List:Commits« Previous MessageNext Message »
From:Alexander Barkov Date:April 29 2010 1:27pm
Subject:Re: bzr commit into mysql-trunk-bugfixing branch (bar:3025) Bug#52849
WL#2649
View as plain text  
Hi Guilhem,

Alexander Barkov wrote:
> Hi Guilhem,
> 
> 
> Guilhem Bichot wrote:
>> Hello,
>>
>> Alexander Barkov a écrit, Le 28.04.2010 21:42:
>>> Hi Guilhem,
>>>
>>> Thanks for review! Please see my comments below:
>>
>> I realized that what I am reviewing could be called a "Bar code", 
>> which is a funny pun.
> 
> Funny :)
> 
>> Comments below.
>>
>>> Guilhem Bichot wrote:
>>>> Hello,
>>>>
>>>> Alexander Barkov a écrit, Le 28.04.2010 14:13:
>>>>> #At file:///home/bar/mysql-bzr/mysql-trunk-bugfixing/ based on 
>>>>> revid:dao-gang.qu@stripped
>>>>>
>>>>>  3025 Alexander Barkov    2010-04-28
>>>>>       Bug#52849 [Com]: datetime index not work
>>>>>       Problem: after introduction of "WL#2649 Number-to-string 
>>>>> conversions"
>>>>>             This query:
>>>>>         SET NAMES cp850; -- Or any other non-latin1 ASCII-based 
>>>>> character set
>>>>>         SELECT * FROM t1
>>>>>         WHERE datetime_column='2010-01-01 00:00:00'
>>>>>       started to add extra character set conversion:         SELECT 
>>>>> * FROM t1
>>>>>         WHERE CONVERT(datetime_column USING cp850)='2010-01-01 
>>>>> 00:00:00';
>>>>>             so index on DATETIME column was not used anymore.
>>>>>             Fix:
>>>>>       avoid convertion of NUMERIC/DATETIME items
>>>>>       (i.e. those with derivation DERIVATION_NUMERIC).
>>
>>>>> === modified file 'sql/item.cc'
>>>>> --- a/sql/item.cc    2010-04-19 08:27:46 +0000
>>>>> +++ b/sql/item.cc    2010-04-28 12:04:20 +0000
>>>>> @@ -1796,6 +1796,20 @@ bool agg_item_set_converter(DTCollation 
>>>>>                                    &dummy_offset))
>>>>>        continue;
>>>>>  
>>>>> +    /*
>>>>> +      No needs to add converter if an "arg" is NUMERIC or DATETIME
>>>>> +      value (which is pure ASCII) and at the same time target 
>>>>> DTCollation
>>>>> +      is ASCII-compatible.

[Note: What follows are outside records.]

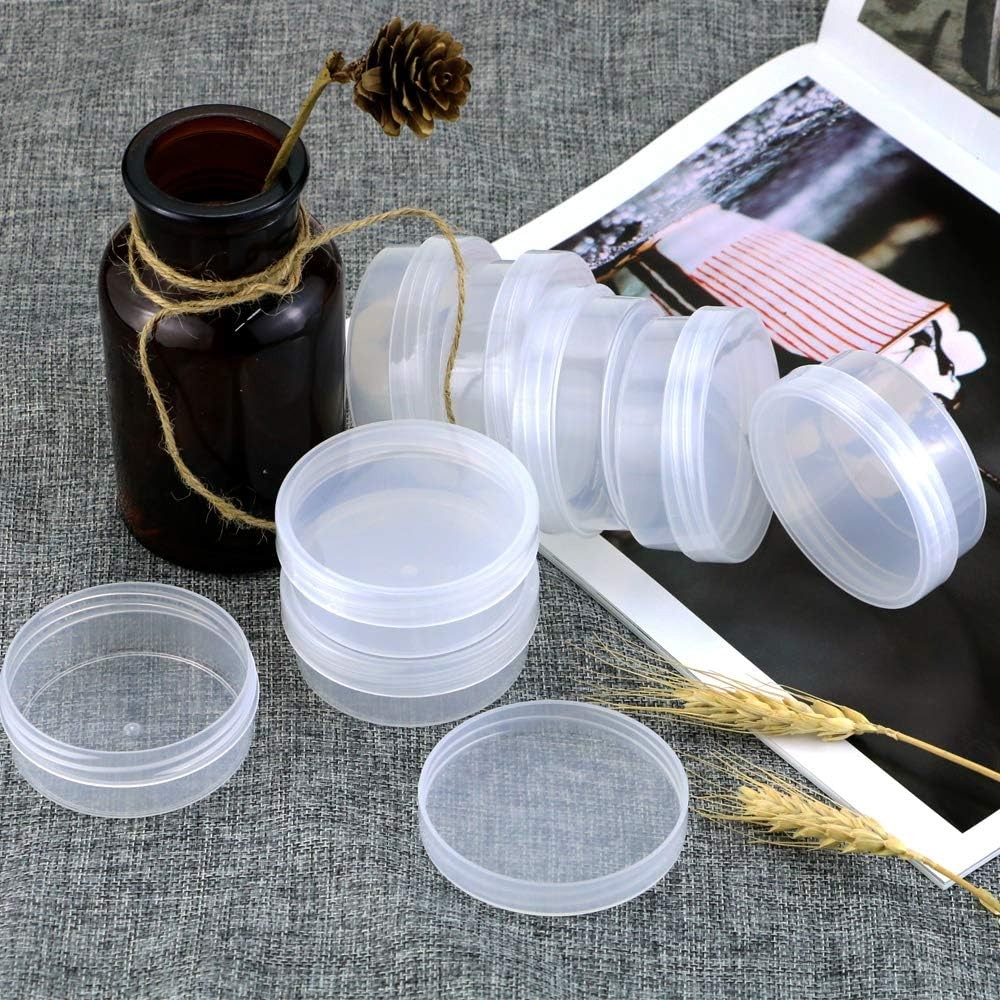 20Pack Round Clear Frosted Plastic Bead Storage Containers Box Case with Scre…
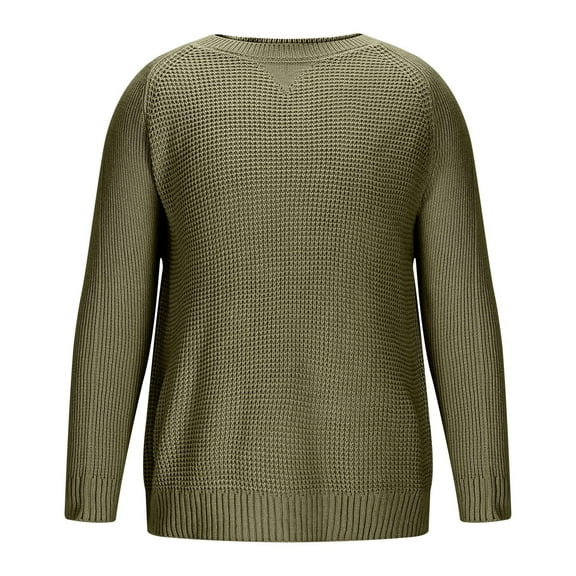 ZCFZJW Mens Crewneck Sweater Lightweight Casual Fall Winter Waffle Knitted Pullover Jumper Tops Raglan Sleeve Knitwear Sweaters Army Green M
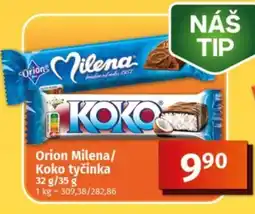 COOP TIP Orion Milena/ Koko tyčinka nabídka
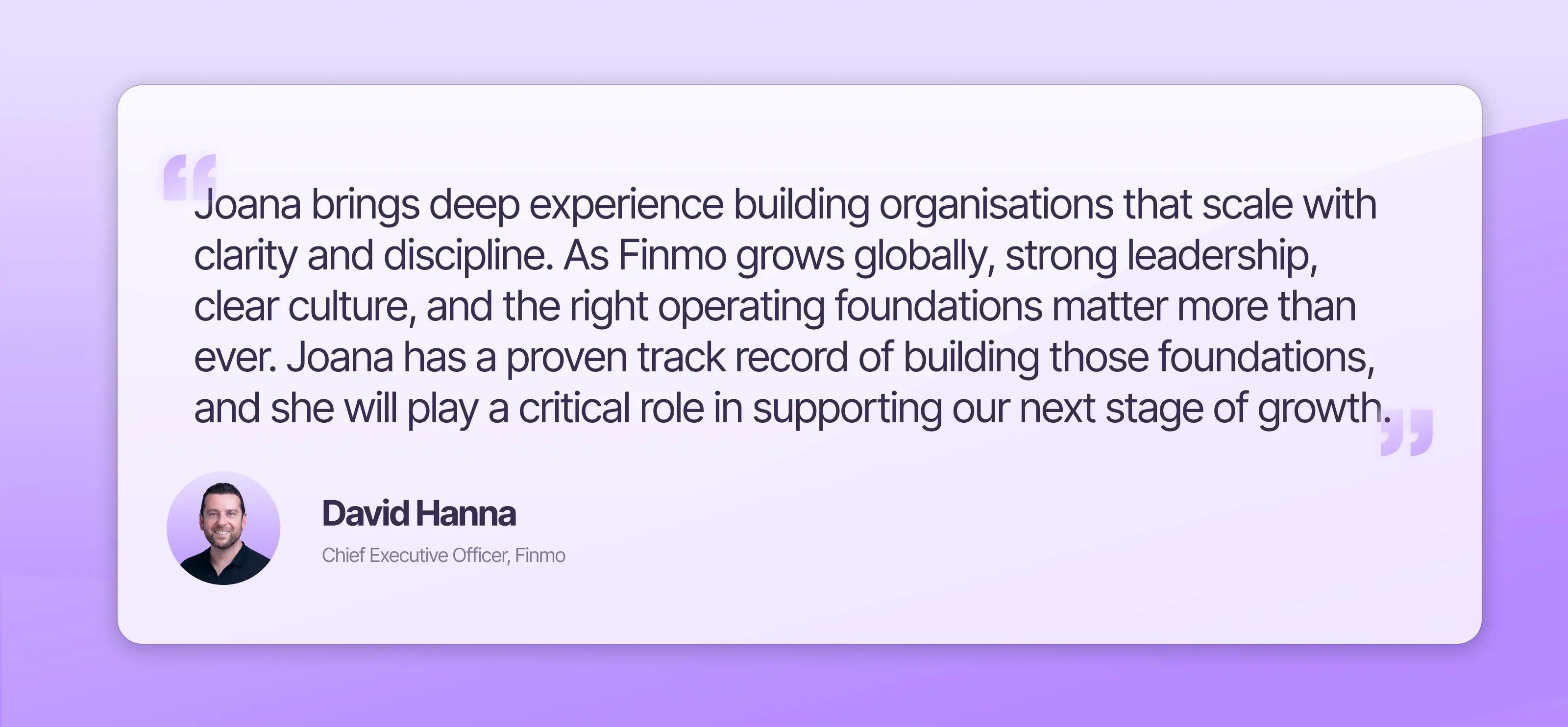David Hanna, Chief Executive Officer at Finmo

For example, no needs to rewrite:
>>>>> +        SELECT * FROM t1 WHERE datetime_field = '2010-01-01';
>>>>> +      to
>>>>> +        SELECT * FROM t1 WHERE CONVERT(datetime_field USING cs) = 
>>>>> '2010-01-01';
>>>>> +    */
>>>>> +    if ((*arg)->collation.derivation == DERIVATION_NUMERIC
> &&
>>>>
>>>>> +        (*arg)->collation.repertoire == MY_REPERTOIRE_ASCII
> &&
>>>>
>>>> is this test needed? Isn't the first one (about derivations) enough? 
>>>
>>> It is enough now. I have put some future assumptions already.
>>>
>>> Now we can rewrite as follows:
>>>
>>>    if ((*arg)->collation.derivation == DERIVATION_NUMERIC &&
>>>        !(coll.collation->state & MY_CS_NONASCII))
>>>    {
>>>       DBUG_ASSERT((*arg)->collation.repertoire == MY_REPERTOIRE_ASCII);
>>>       DBUG_ASSERT(!(*arg)->collation.collation->state & 
>>> MY_CS_NONASCII)));
>>>       continue;
>>>    }
>>>
>>>
>>> I.e. checking for repertoire is somewhat redundant at the moment,
>>> and checking for coll.collation->state is redundant too.
>>>
>>> But in fact these conditions test very different things.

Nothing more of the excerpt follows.